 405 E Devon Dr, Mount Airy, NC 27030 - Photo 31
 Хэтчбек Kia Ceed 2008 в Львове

------------------------

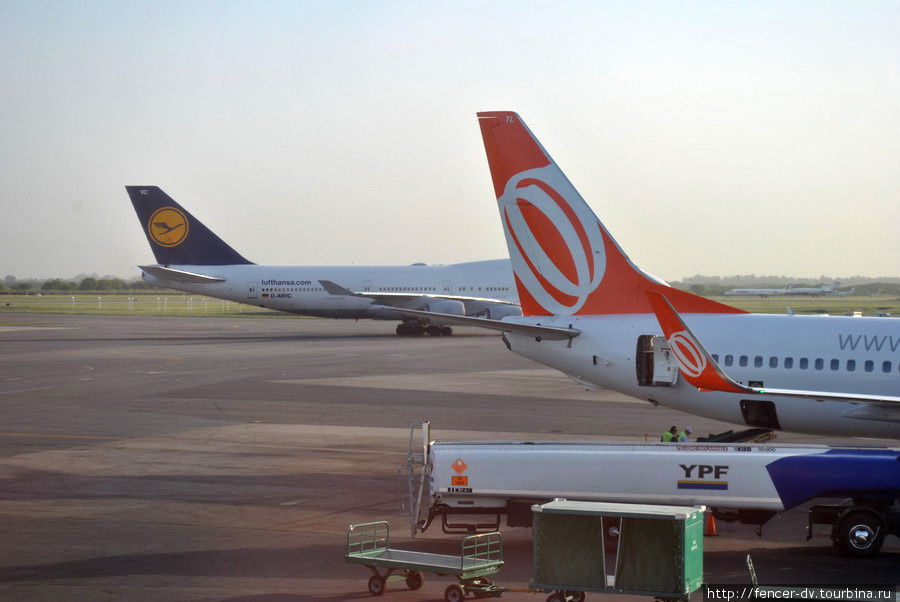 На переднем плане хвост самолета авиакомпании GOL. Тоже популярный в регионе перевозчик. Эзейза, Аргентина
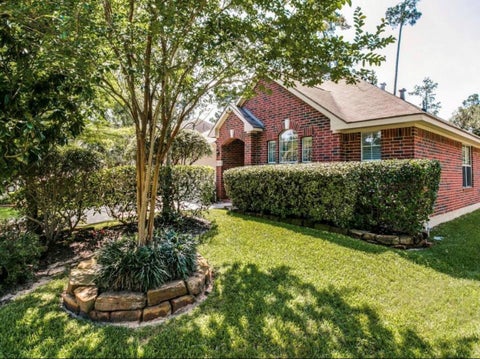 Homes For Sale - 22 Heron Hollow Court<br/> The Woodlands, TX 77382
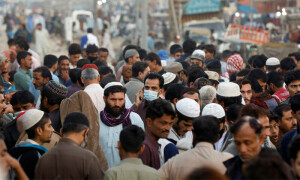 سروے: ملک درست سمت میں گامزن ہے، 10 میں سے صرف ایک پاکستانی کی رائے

------------------------

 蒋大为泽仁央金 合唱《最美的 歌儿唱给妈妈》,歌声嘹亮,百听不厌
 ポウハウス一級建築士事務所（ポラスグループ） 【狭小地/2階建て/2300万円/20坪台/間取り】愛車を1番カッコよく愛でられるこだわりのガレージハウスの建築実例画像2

------------------------

Work instruction: While skipping the pictures, transcribe the data above from the line showing "На переднем плане" through the line showing "سروے: ملک درست", exactly and with both ends.

Exercise answer:
 На переднем плане хвост самолета авиакомпании GOL. Тоже популярный в регионе перевозчик. Эзейза, Аргентина
 Homes For Sale - 22 Heron Hollow Court<br/> The Woodlands, TX 77382
 سروے: ملک درست سمت میں گامزن ہے، 10 میں سے صرف ایک پاکستانی کی رائے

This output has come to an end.